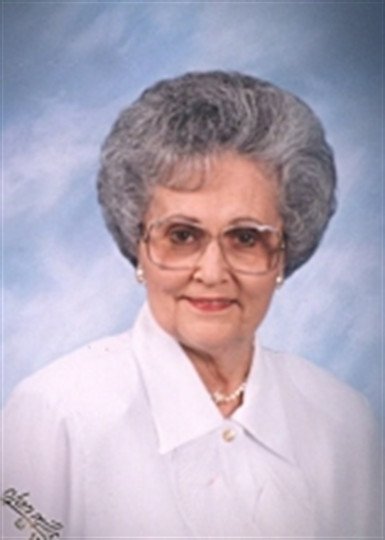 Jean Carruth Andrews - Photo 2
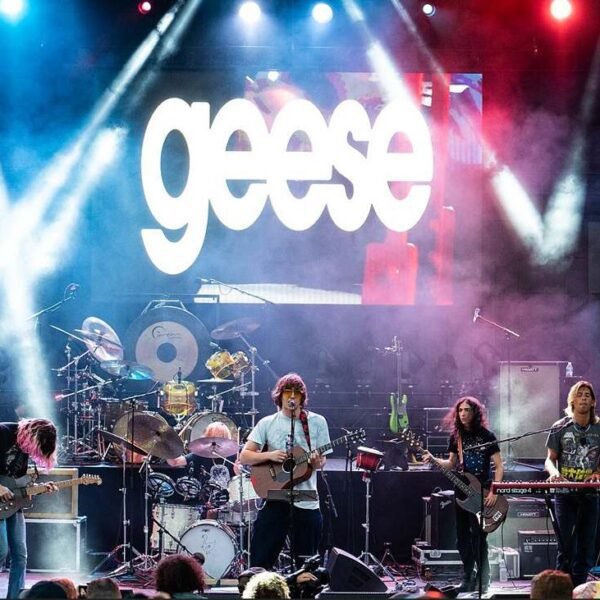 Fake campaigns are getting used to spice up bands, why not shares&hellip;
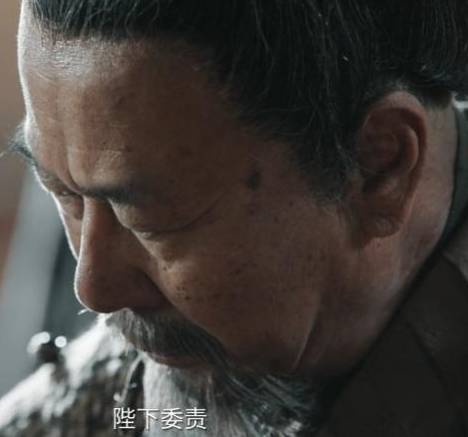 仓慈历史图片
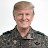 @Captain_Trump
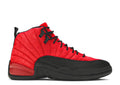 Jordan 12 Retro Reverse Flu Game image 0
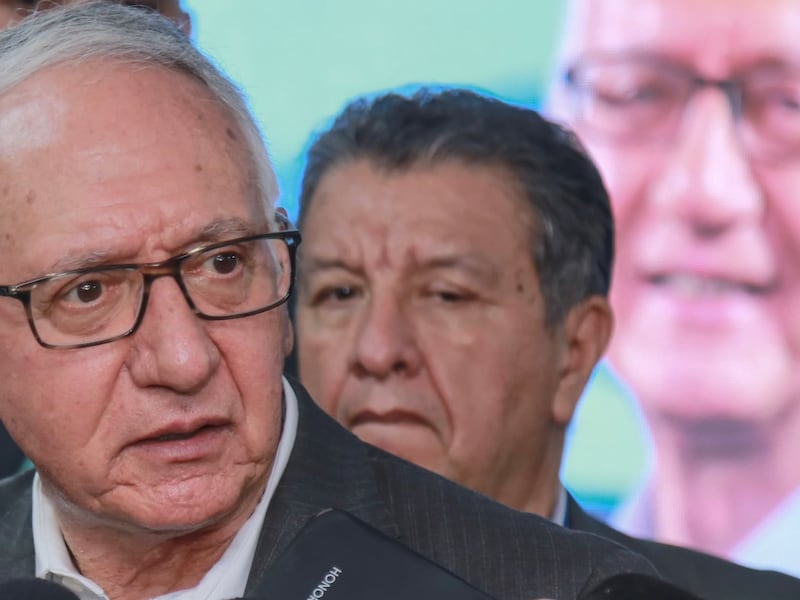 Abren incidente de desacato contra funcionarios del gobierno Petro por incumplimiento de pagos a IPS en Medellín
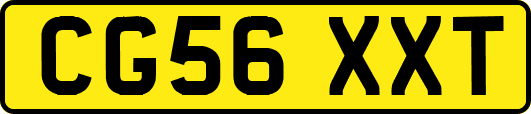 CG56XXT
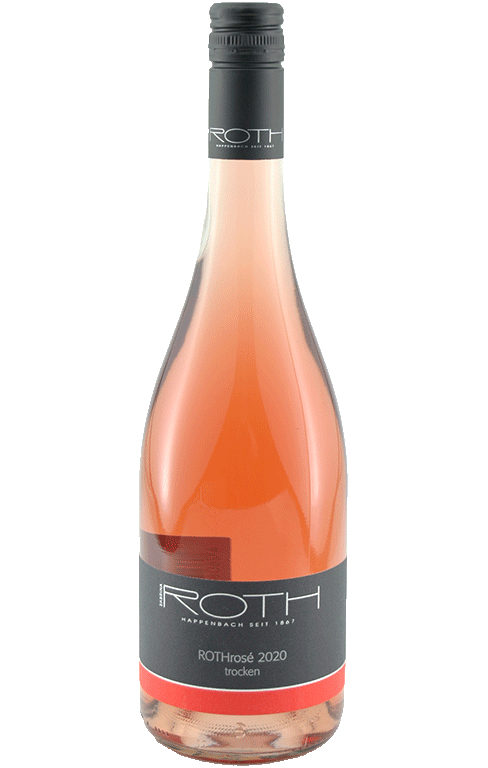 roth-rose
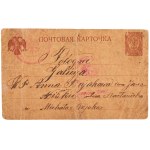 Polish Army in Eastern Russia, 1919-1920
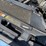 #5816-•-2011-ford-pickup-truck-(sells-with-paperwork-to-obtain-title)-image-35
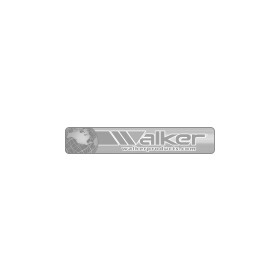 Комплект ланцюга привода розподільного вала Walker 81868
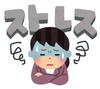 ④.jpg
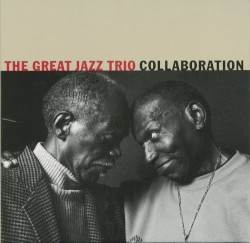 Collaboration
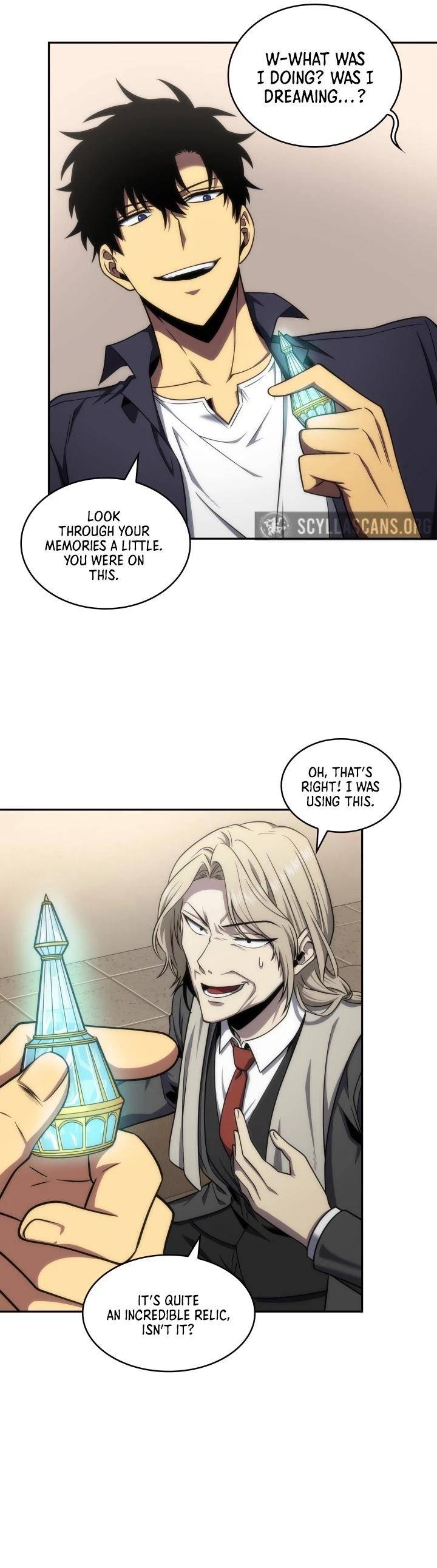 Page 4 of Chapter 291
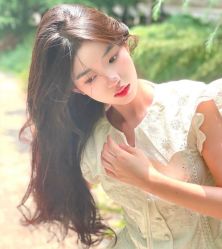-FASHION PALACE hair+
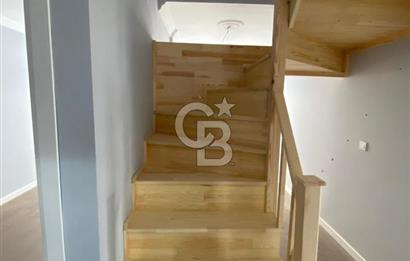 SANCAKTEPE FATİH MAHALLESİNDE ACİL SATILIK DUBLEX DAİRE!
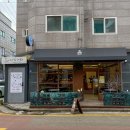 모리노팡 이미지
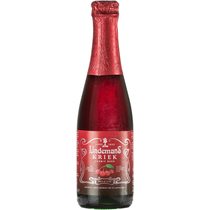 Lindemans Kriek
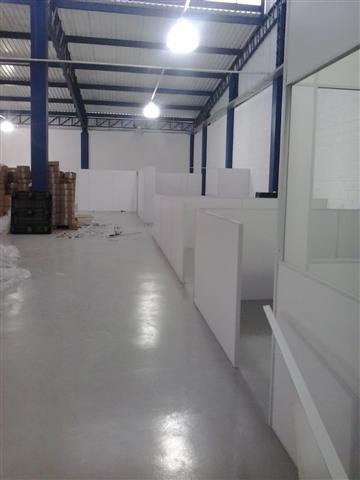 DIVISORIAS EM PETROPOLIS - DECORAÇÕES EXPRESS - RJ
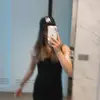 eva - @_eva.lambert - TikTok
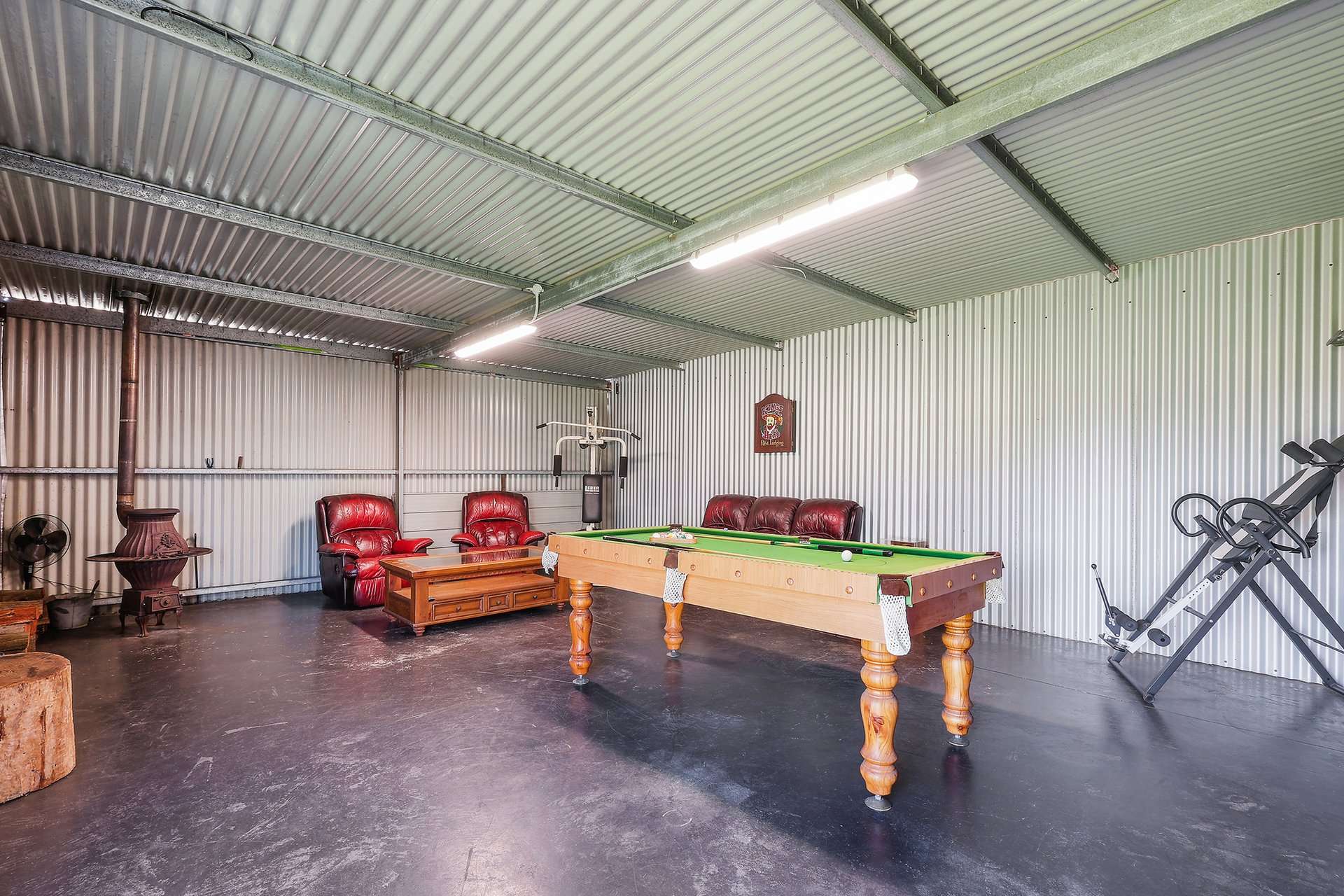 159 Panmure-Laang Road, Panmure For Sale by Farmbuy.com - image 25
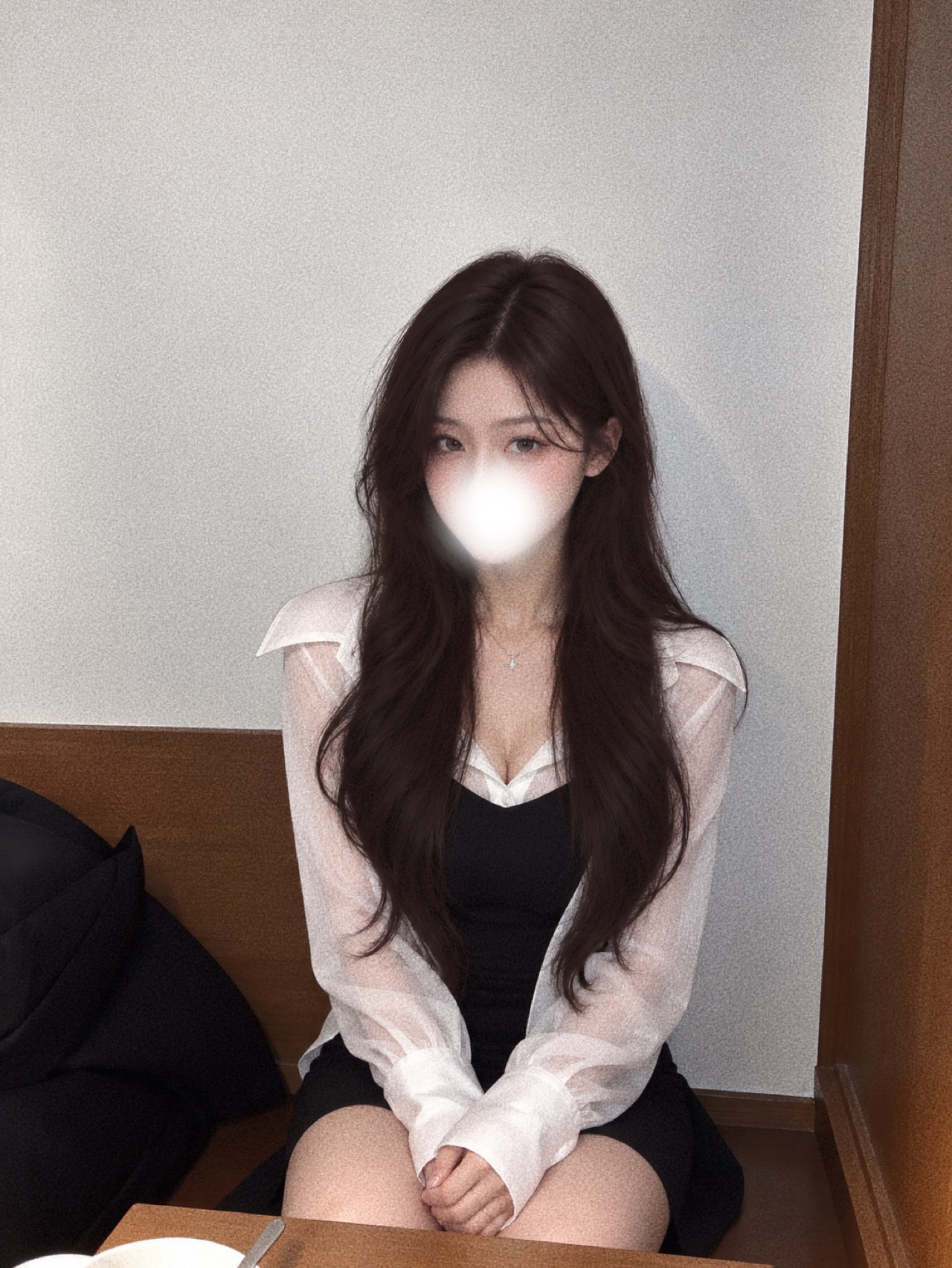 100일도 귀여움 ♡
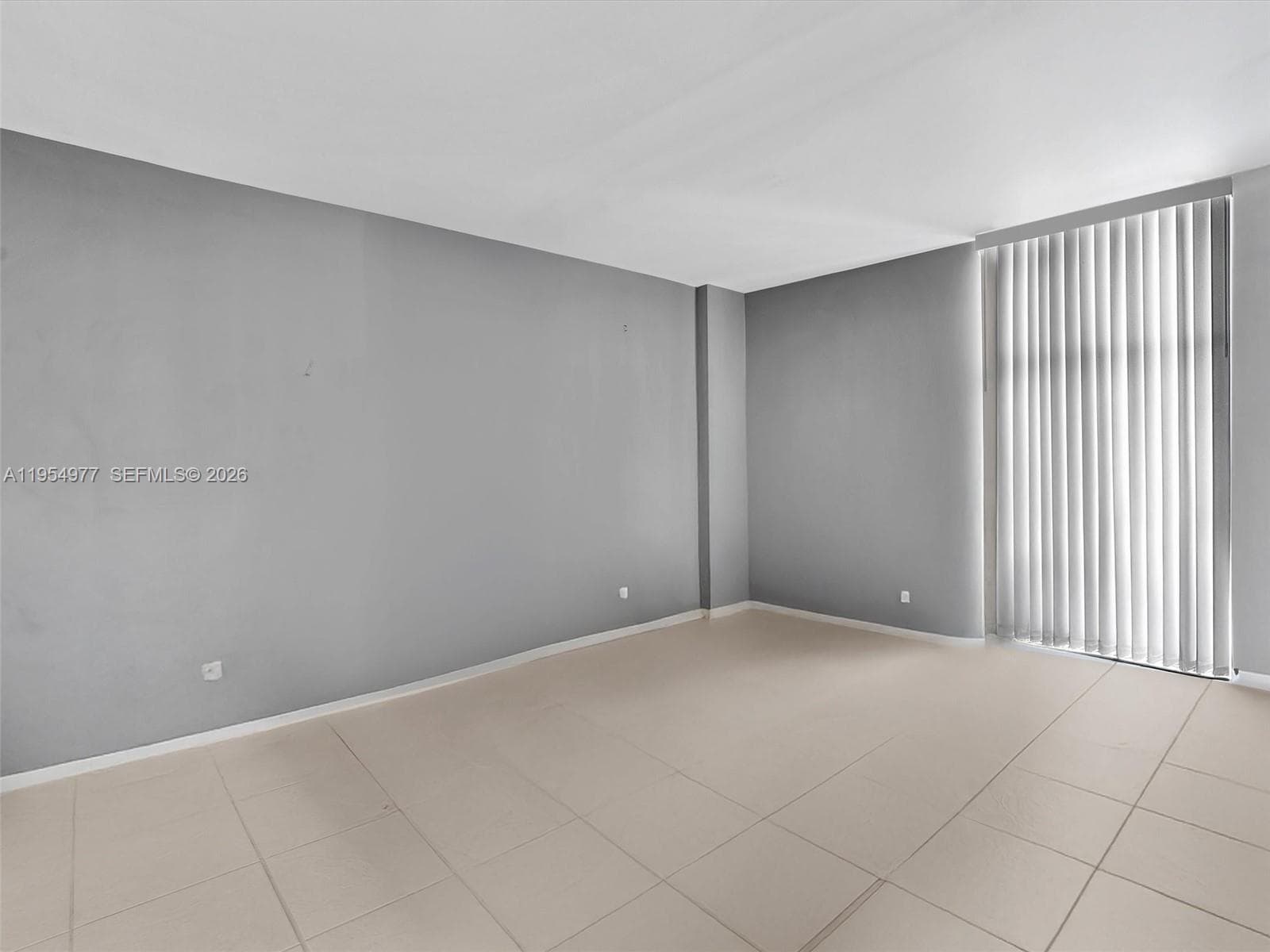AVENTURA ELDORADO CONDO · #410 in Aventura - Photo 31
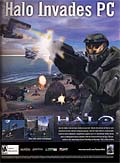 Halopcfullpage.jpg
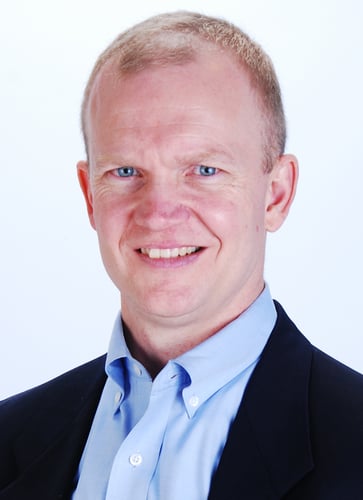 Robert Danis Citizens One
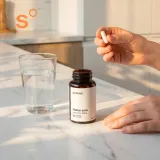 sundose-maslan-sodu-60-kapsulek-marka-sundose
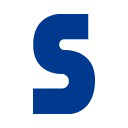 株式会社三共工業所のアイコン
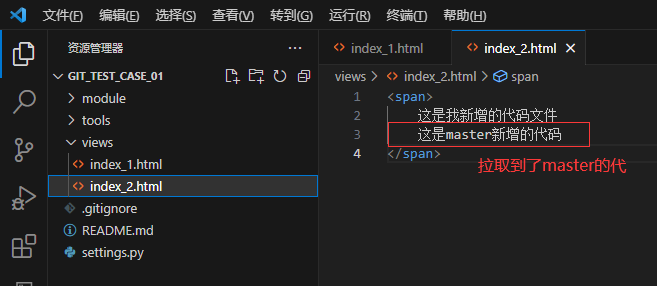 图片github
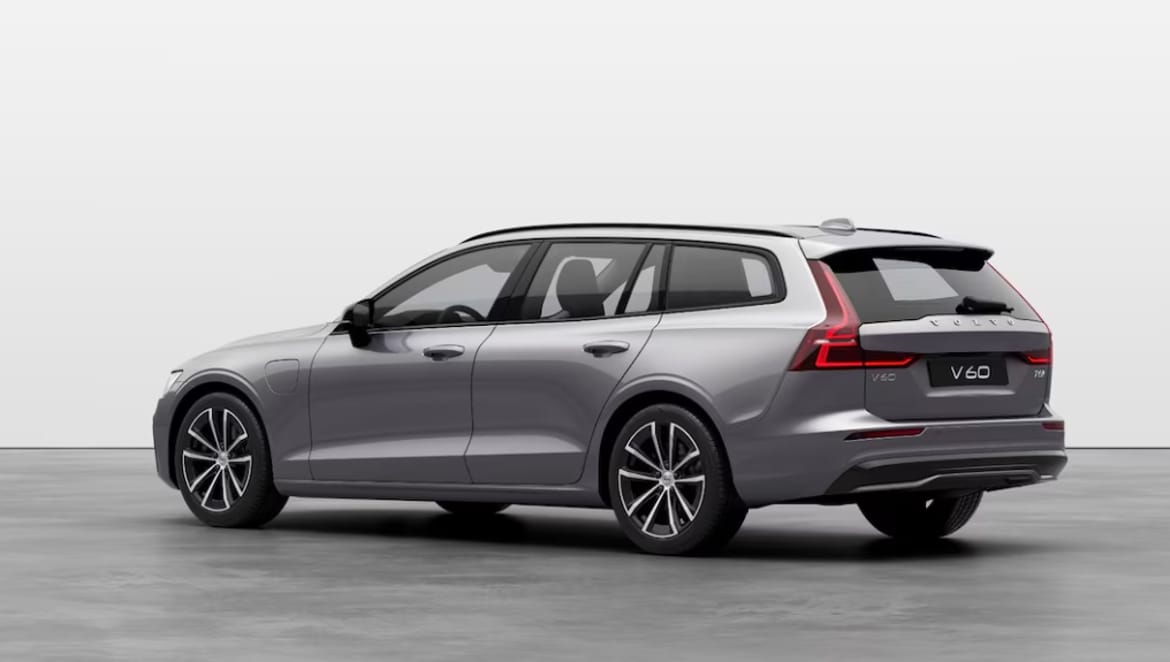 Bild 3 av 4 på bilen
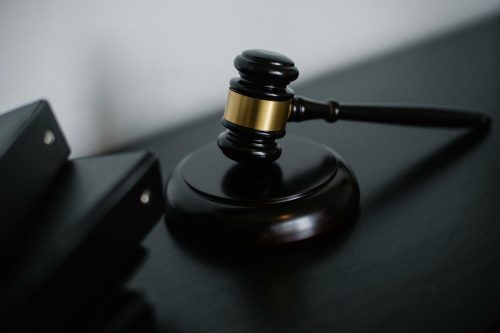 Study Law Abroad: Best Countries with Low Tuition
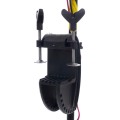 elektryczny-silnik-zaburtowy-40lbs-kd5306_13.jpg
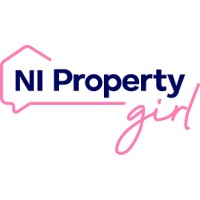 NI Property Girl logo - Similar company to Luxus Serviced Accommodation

Goal of the exercise:
When an image appears in the data, skip it and output the rest exactly.

Response:
 Jean Carruth Andrews - Photo 2
 Fake campaigns are getting used to spice up bands, why not shares&hellip;
 仓慈历史图片
 @Captain_Trump
 Jordan 12 Retro Reverse Flu Game image 0
 Abren incidente de desacato contra funcionarios del gobierno Petro por incumplimiento de pagos a IPS en Medellín
 CG56XXT
 roth-rose
 Polish Army in Eastern Russia, 1919-1920
 #5816-•-2011-ford-pickup-truck-(sells-with-paperwork-to-obtain-title)-image-35
 Комплект ланцюга привода розподільного вала Walker 81868
 ④.jpg
 Collaboration
 Page 4 of Chapter 291
-FASHION PALACE hair+
 SANCAKTEPE FATİH MAHALLESİNDE ACİL SATILIK DUBLEX DAİRE!
 모리노팡 이미지
 Lindemans Kriek
 DIVISORIAS EM PETROPOLIS - DECORAÇÕES EXPRESS - RJ
 eva - @_eva.lambert - TikTok
 159 Panmure-Laang Road, Panmure For Sale by Farmbuy.com - image 25
 100일도 귀여움 ♡
AVENTURA ELDORADO CONDO · #410 in Aventura - Photo 31
 Halopcfullpage.jpg
 Robert Danis Citizens One
 sundose-maslan-sodu-60-kapsulek-marka-sundose
 株式会社三共工業所のアイコン
 图片github
 Bild 3 av 4 på bilen
 Study Law Abroad: Best Countries with Low Tuition
 elektryczny-silnik-zaburtowy-40lbs-kd5306_13.jpg
 NI Property Girl logo - Similar company to Luxus Serviced Accommodation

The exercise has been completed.